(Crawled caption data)

########

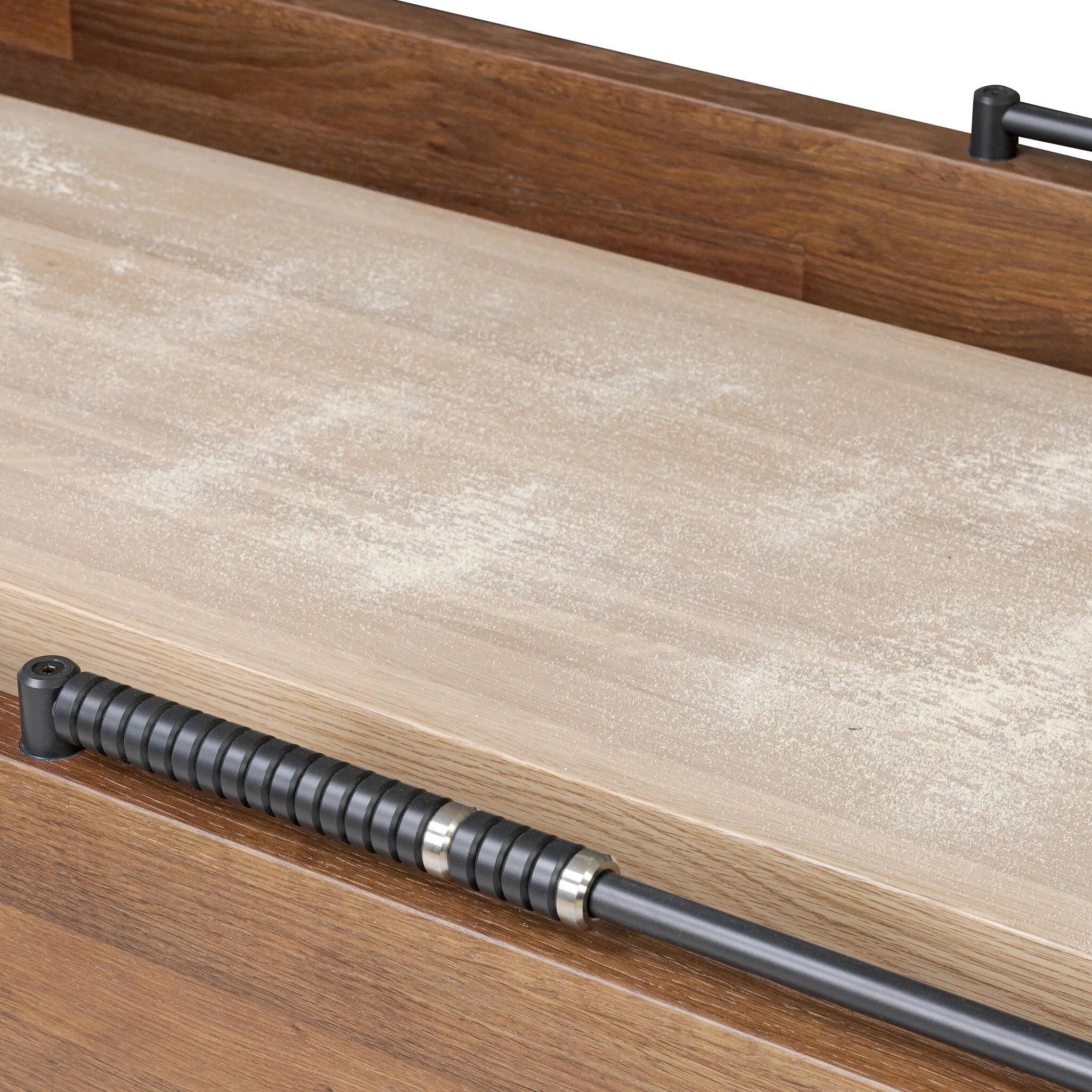Material-driven for fun, this shuffleboard table features a hand-stitched leather landing surface, laminated solid oak game board — finished in a durable lacquer — and industrial trestle-style, cast iron legs. Climatic adjusters for leveling with ease. Each table comes with carved wood and steel pucks, as well as a steel ring scoring mechanism. Amethyst Home provides interior design, new home construction design consulting, vintage area rugs, and lighting in the Nashville metro area.
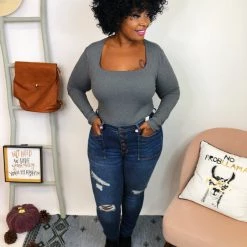 Iris & Rainbow Boutique New Arrivals #K780 All Squared Away Bodysuit (CHARCOAL)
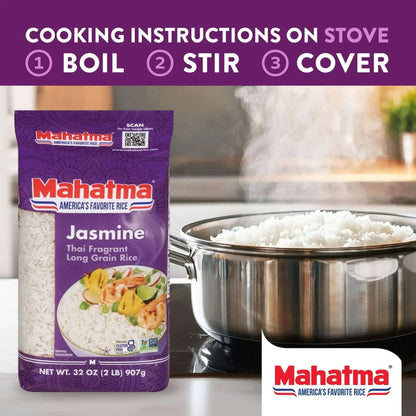 Mahatma Jasmine Thai Fragrant Long Grain Rice, Gluten Free, 32 oz (2 lbs) (907 Grams)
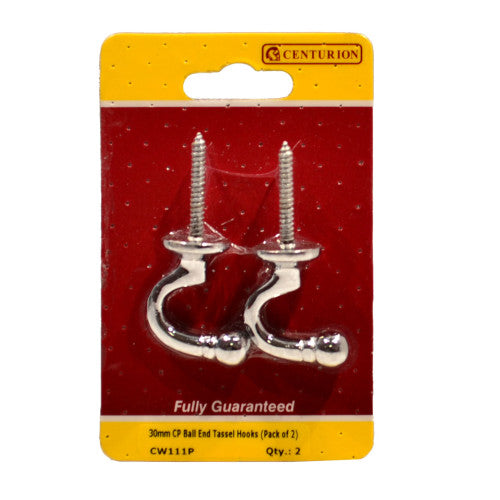 Centurion 30mm Chrome Ball End Tassel Hooks Pack 2 CW111P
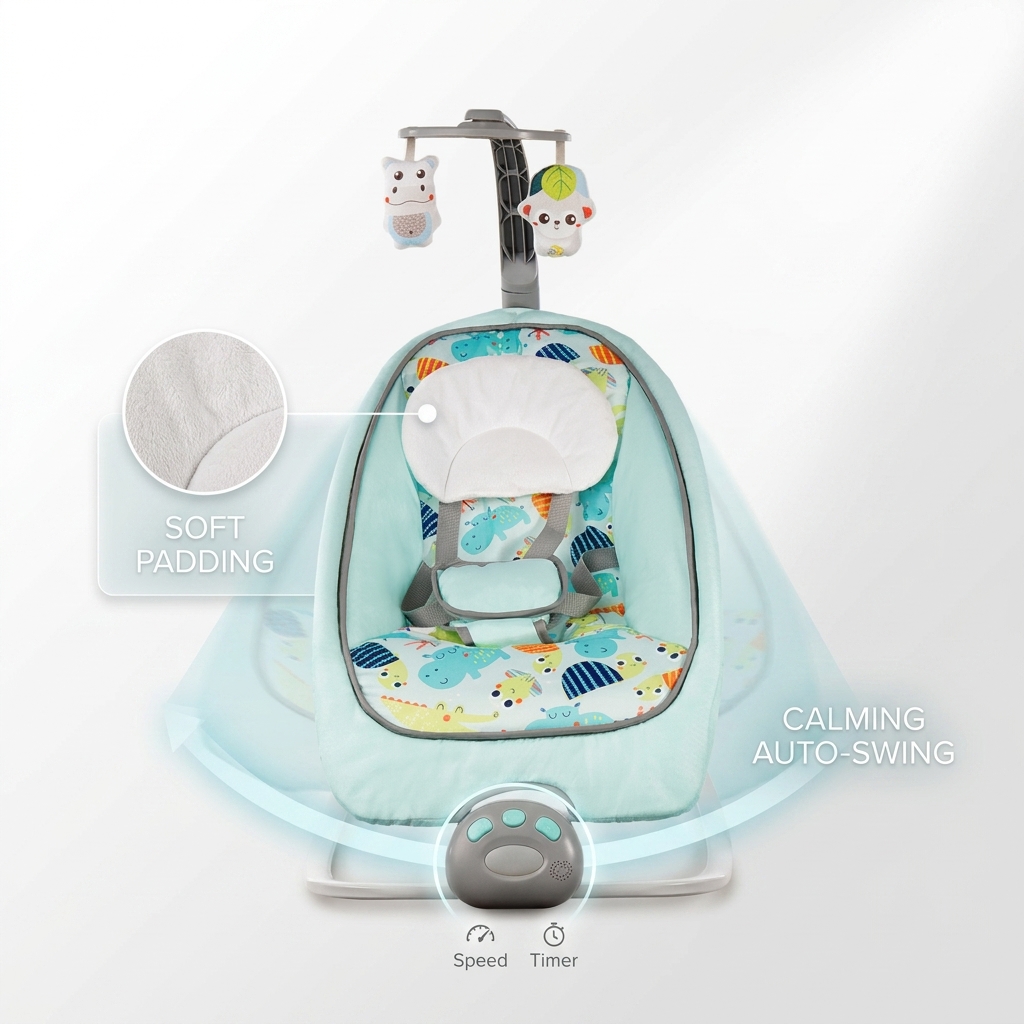 Electric Swing Infant Rocker Chair 5 Speed Amplitude 3 Speed Timer Remote Control with 2 Plush Toys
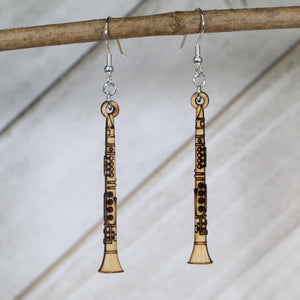 Clarinet Wooden Dangle Earrings | Band Instrument Jewelry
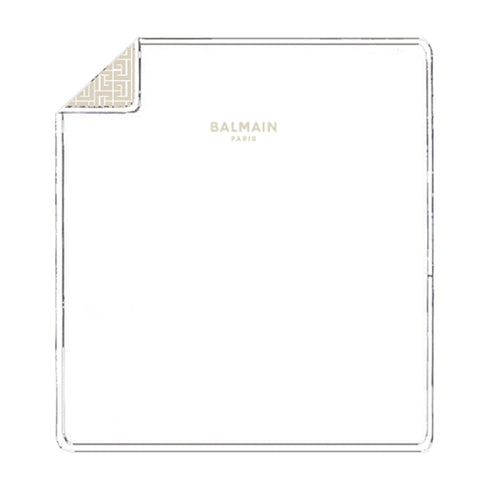 coperta-neonato-logo-balmain - BIANCO - dettaglio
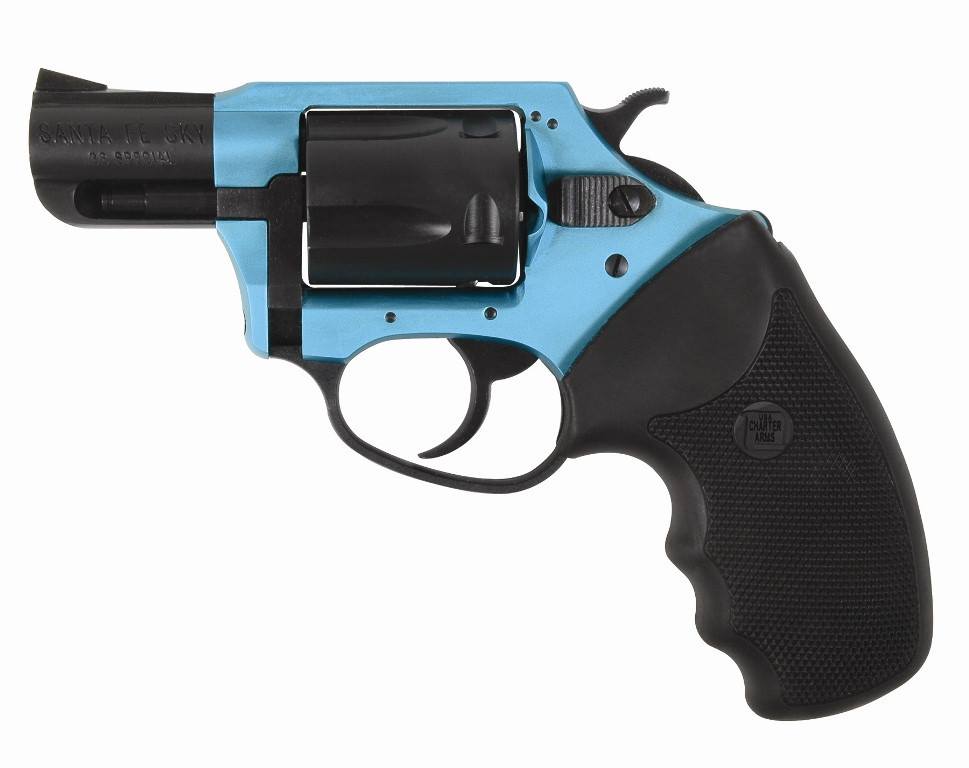 CHARTER ARMS 53864 UNDERCOVER LITE SANTA FE SKY SMALL 38 SPECIAL, 5 SHOT 2" BLACK STAINLESS STEEL BARREL & CYLINDER, TURQUOISE ALUMINUM FRAME W/BLACK FINGER GROOVED RUBBER GRIP, EXPOSED HAMMER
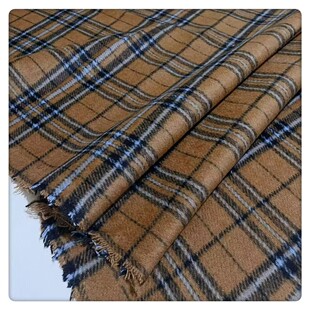 复古棕咖格子短顺毛羊毛呢混纺布料 外套裙子西装马甲秋冬面料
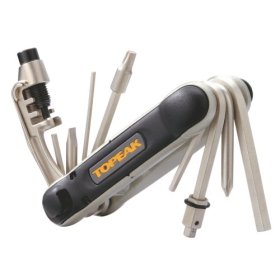 A multi-tool bicycle repair kit featuring various tools, including wrenches and screwdrivers, arranged in an open position. The tool has a black and silver design with "TOPEAK" branding.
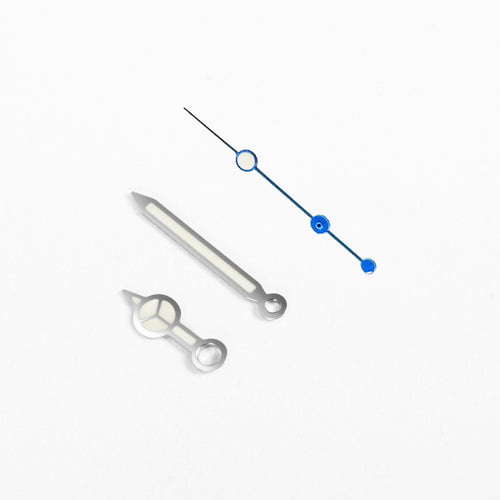 Mercedes Watch Hands for Casio MDV Mod: Silver w Blue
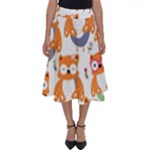 Cute Colorful Owl Cartoon Seamless Pattern Perfect Length Midi Skirt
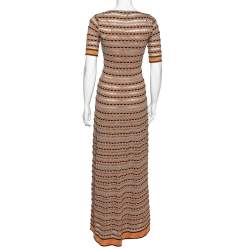 Pre Owned M Missoni Multicolor Patterned Knit Short Sleeve Maxi Dress S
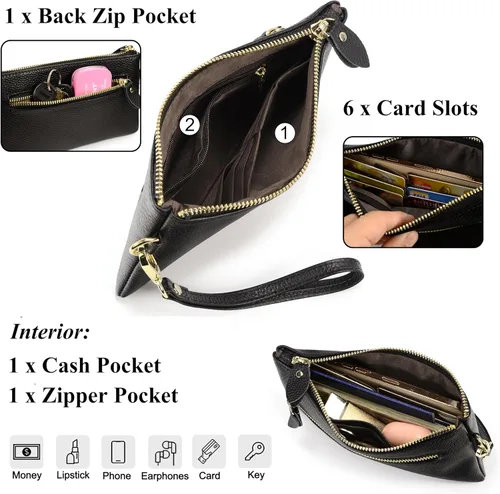 Vista 4 de Uromee Cartera de mano para mujer, de piel auténtica, con cadena de hombro desmontable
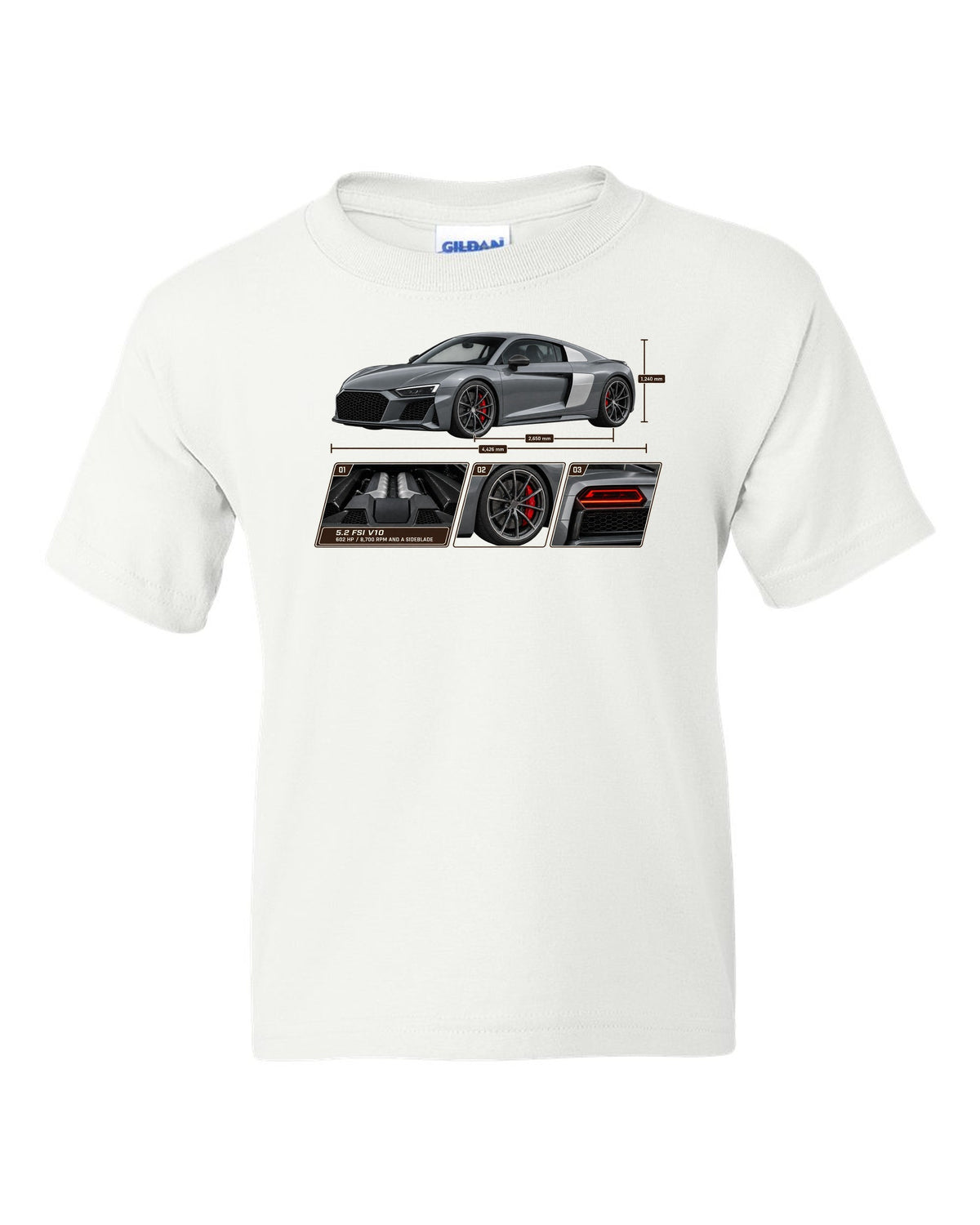 Dossier panel print of a Nardo grey Audi R8 V10 Performance white kids tee front view with the design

########

> Prompt
Pictures are not part of the copy. Extract exactly the lines from the line containing "Mahatma Jasmine Thai" through the final line of the entries above, both included.

> Reply to the exercise
 Mahatma Jasmine Thai Fragrant Long Grain Rice, Gluten Free, 32 oz (2 lbs) (907 Grams)
 Centurion 30mm Chrome Ball End Tassel Hooks Pack 2 CW111P
 Electric Swing Infant Rocker Chair 5 Speed Amplitude 3 Speed Timer Remote Control with 2 Plush Toys
 Clarinet Wooden Dangle Earrings | Band Instrument Jewelry
 coperta-neonato-logo-balmain - BIANCO - dettaglio
 CHARTER ARMS 53864 UNDERCOVER LITE SANTA FE SKY SMALL 38 SPECIAL, 5 SHOT 2" BLACK STAINLESS STEEL BARREL & CYLINDER, TURQUOISE ALUMINUM FRAME W/BLACK FINGER GROOVED RUBBER GRIP, EXPOSED HAMMER
 复古棕咖格子短顺毛羊毛呢混纺布料 外套裙子西装马甲秋冬面料
 A multi-tool bicycle repair kit featuring various tools, including wrenches and screwdrivers, arranged in an open position. The tool has a black and silver design with "TOPEAK" branding.
 Mercedes Watch Hands for Casio MDV Mod: Silver w Blue
 Cute Colorful Owl Cartoon Seamless Pattern Perfect Length Midi Skirt
 Pre Owned M Missoni Multicolor Patterned Knit Short Sleeve Maxi Dress S
 Vista 4 de Uromee Cartera de mano para mujer, de piel auténtica, con cadena de hombro desmontable
 Dossier panel print of a Nardo grey Audi R8 V10 Performance white kids tee front view with the design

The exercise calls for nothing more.